Mandharam review: Asif Ali elevates this derivative romantic drama
A slightly fresh, but not path-breaking, take on the rejected loverboy story
Mandharam doesn't have anything new to offer in terms of plot. We have seen this story many times before, done in much better ways by other filmmakers. It has so much in common with another romantic entertainer -- a blockbuster -- that came out three years back. One can call Mandharam a slightly watered-down version of that movie.

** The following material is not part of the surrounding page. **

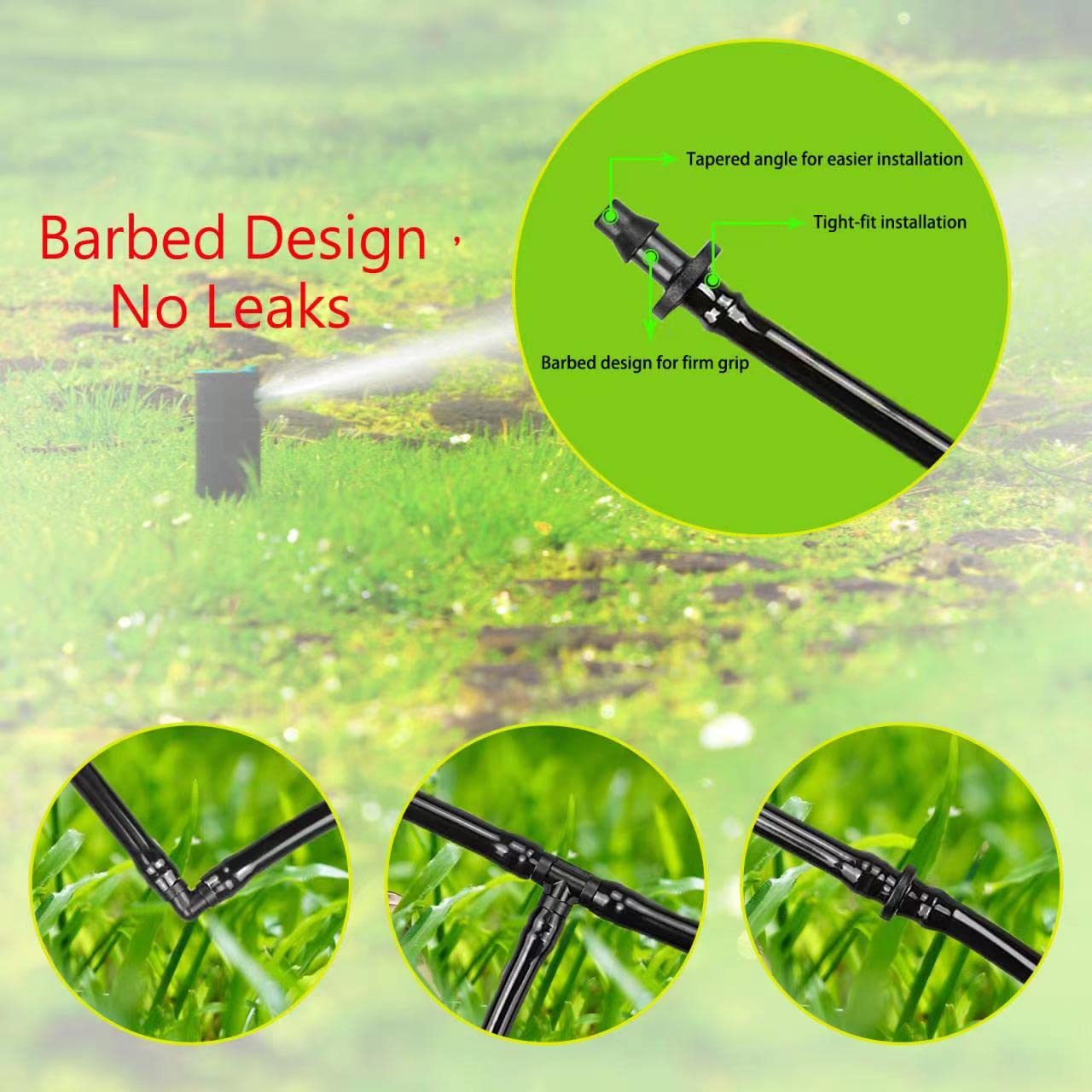 HOINCO irrigation fittings set displayed on garden background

Asif Ali portrays the textbook definition of a depressed loverboy who grows his hair and beard and goes on a long journey to forget the fact that two women have rejected his love in his life so far. The entire movie can be summed up in this line because, frankly, there is nothing much else beyond that.
Director: Vijesh Vijay
Cast: Asif Ali, Varsha Bollamma, Anarkali Marakkar, Arjun Ashokan
However, this is not a depressing movie. It's formulaic and derivative, yes, but never depressing. Even the so-called 'depressing' moments are treated with a hint of mockery. Its intentions are good and it's not a bad start for a first-time filmmaker (Vijesh Vijay). It has a straightforward narrative that begins with Rajesh's (Asif Ali) disastrous 'one-way' romance in his school days to his disastrous 'two-way' romance in his college days and finally to that 'no way' point where he -- like most guys who have been rejected very often -- decides to keep women away from his life.
Though Asif's character is no different from a typical twenty-something engineering student whose true passion is something else entirely, the actor's convincing naive-to-mature progression keeps the movie afloat. There is some friendly wisdom offered along the way, but most people, with a Facebook account, are already aware of these things. Take, for example, a line like, "Never put the key to our happiness in someone else's pocket" -- doesn't it sound familiar?

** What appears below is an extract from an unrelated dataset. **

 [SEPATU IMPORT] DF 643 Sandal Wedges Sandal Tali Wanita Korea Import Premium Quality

When Rajesh is not busy moaning about his love troubles, he is hanging out with his three friends (played by Arjun Ashokan, Jacob Gregory, and Vineeth Vishwam), who look like they are trying to recreate the one-of-a-kind comic timing of Mukesh, Siddique, Jagadish, and Asokan from In Harihar Nagar (Jacob Gregory's character is basically Appukkuttan Part 2).

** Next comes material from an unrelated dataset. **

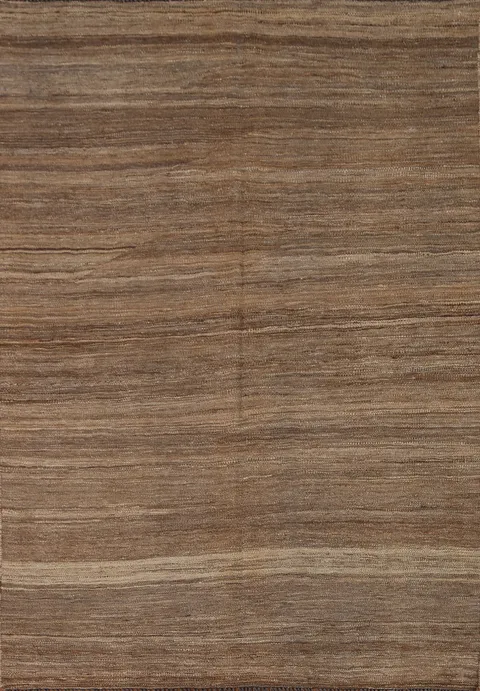 Natural Dye Earth Tone Kilim Wool Area Rug 4x6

Some of the lines are fresh and witty, but one can't say the same for all the jokes. By the way, just like the In Harihar Nagar characters, all four men are trying hard to woo girls. Not even one guy is interested in the concept of arranged marriage?
The two primary female characters (played by Varsha Bollamma and Anarkali Marakkar respectively) do not have any notable qualities -- again, we have seen them before in other movies. These are stock characters. Though I won't spoil the ending, not once did I feel like the two would make Rajesh's ideal partners. The first one is conflicted about her feelings for Rajesh and she doesn't have the courage to go all the way. The second one's feelings seem more like infatuation than 'love'. How are we supposed to take either of them seriously?